Rather, Zabala points to an “emergency of aesthetics” in which a liberatory art practice is concealed “behind measurements of objective beauty.” Here the author would have aided his readers by providing examples of this reification, which could then be weighed against the affirmation of several installation art projects in the following chapter. Still, what emerges in Why Only Art is a cultural crisis that consists of society’s own technological and objective organization of reality.
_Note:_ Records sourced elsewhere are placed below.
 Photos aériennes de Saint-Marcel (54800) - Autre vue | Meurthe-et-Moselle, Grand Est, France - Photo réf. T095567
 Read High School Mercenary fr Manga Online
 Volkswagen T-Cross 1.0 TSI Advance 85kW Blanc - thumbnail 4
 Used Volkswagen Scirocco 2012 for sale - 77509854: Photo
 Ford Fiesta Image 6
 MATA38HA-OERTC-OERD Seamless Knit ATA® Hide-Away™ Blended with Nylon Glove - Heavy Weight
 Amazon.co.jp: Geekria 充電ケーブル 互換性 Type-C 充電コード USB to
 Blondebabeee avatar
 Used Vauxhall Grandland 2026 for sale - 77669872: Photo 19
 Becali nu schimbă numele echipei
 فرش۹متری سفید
Only where such lucidity is lacking, Zabala pacing Heiddeger argues, do the “remains of being emerge as an alteration, an even, or an emergency of the world picture.” And yet, aren’t we deluged virtually every day by a constant shattering of political, social and environmental norms?
Blistering world temperatures brought on by fossil fuel combustion, millions of displaced refugees searching for social and economic security, a global spike in ultra-nationalist, even fascist sentiments and the rapid growth of fact-denying irrational politics would seem to demonstrate that, at least on the face of things, all that we have today is one emergency followed by another. Counter-intuitively, Zabala insists that this “breaking news” zeitgeist is itself the very critical blind spot that must be confronted, and it is up to art, and art alone, to save us because it uniquely “exposes Being’s ontological condition (weak, discarded, and forgotten) for those who are politically prepared to interpret it.”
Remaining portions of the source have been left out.